He creído ver en este libro de Flavia Pesci un libro de plegarias. Pensaba la orilla, pensaba el cuerpo mientras leía los poemas y los poemas me llegaban como plegarias: ruegos, reclamos, alabanzas. Pensaba entonces la plegaria como orilla. El lugar de la invocación, me decía, es un umbral, un borde indeciso donde lo clamado está ya presente en la forma misma de la voz que lo convoca y lo provoca, como un cuerpo a otro cuerpo.

Como un cuerpo, el poema se extiende para hacer venir a la palabra lo que la palabra convoca, y lo que la palabra convoca es, no hay duda, lo que falta. Cuerpos de palabras llamando, llameando, reclamando ardientes cuerpos ausentes para hacerlos aparecer en el breve destello del nombre que los nombra, los poemas.

Como plegarias, entonces, los poemas de Cuerpo en la orilla permanecen, así, en un limen, en una frontera vibrante, indefinida, donde mutuamente se reclaman dos ámbitos de ansiedad que no se colman: el cuerpo del deseo y la palabra que quiere colmarlo al reclamarlo.

Este juego, por supuesto, resulta interminable, como el ir y venir del oleaje en la orilla marina: la línea indecisa que une y desune, separa y aproxima, y por un instante parece que se detiene –infinitesimal su parvo parpadeo– para luego borrarse, evaporarse, dejando apenas su estela íngrima en la playa.
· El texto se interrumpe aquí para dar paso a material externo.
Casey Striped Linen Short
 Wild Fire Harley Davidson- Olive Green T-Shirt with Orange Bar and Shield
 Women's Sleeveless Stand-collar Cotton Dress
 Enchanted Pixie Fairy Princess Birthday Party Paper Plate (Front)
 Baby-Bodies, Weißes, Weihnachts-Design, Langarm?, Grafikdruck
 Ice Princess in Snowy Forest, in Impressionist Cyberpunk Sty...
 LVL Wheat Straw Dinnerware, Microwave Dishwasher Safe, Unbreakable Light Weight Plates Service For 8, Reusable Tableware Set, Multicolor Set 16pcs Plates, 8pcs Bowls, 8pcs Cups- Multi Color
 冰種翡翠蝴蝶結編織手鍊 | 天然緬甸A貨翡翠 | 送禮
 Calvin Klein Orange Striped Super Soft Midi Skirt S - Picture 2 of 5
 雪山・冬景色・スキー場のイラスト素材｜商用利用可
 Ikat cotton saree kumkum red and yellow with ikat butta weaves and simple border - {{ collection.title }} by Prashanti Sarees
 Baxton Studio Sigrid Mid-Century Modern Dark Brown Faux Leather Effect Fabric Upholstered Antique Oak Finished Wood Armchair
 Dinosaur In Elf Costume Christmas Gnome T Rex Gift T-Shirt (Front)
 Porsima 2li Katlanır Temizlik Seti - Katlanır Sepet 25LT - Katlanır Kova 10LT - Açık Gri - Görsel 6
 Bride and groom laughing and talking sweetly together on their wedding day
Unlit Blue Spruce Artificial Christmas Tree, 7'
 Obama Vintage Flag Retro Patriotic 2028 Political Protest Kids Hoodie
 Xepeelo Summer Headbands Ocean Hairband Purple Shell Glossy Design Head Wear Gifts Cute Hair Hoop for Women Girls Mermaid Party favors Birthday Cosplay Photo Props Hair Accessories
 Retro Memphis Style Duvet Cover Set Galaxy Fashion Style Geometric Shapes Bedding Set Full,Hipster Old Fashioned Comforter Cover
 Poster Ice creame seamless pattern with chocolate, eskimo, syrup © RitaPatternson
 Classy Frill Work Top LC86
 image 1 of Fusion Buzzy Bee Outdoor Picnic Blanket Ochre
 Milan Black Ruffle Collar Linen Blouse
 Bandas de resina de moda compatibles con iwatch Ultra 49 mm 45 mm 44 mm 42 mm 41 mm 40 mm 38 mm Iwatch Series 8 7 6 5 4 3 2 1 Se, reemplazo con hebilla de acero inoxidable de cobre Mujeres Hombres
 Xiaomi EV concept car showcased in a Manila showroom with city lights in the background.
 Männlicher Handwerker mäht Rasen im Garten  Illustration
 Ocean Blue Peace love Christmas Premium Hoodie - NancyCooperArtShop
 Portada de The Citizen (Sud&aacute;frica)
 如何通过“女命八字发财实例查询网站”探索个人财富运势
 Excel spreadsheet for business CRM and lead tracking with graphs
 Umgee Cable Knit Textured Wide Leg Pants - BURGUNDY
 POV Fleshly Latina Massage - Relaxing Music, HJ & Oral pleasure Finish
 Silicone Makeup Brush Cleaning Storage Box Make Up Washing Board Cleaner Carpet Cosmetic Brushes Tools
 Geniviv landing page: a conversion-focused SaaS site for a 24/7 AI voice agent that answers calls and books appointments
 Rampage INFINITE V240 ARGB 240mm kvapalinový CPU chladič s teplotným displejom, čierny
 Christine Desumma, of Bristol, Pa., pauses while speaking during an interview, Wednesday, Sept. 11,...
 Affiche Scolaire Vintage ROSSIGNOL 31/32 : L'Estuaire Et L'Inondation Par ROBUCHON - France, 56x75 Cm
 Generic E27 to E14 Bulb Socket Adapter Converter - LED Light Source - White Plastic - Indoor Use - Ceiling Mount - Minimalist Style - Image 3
Así el poema.

Así el poema, situación de palabra, se diría, que está siempre en una orilla, al borde de algo, asomado, abismado; sin resolverse, tenso; en lo indecible, inacabado. De ahí toma su fuerza, su persistencia: de esa suerte de víspera incesante que lo inunda todo de la promesa de lo porvenir.

Algo está viniendo siempre a la plegaria, como al poema: lo convocado que no se deja convencer, lo reclamado no alcanzado que se sigue resistiendo, aorillado, sin llegar.

En una de las plegarias de su libro, Pesci lo presume: “fracción de piel / diferida / desconocida / que amplifica a ciegas / el susurro de los roces // a ella entrego mi devoción / a veces recibe tímida ciertos rayos / duerme al cobijo de quien ignora / y sabe esperar (…)”.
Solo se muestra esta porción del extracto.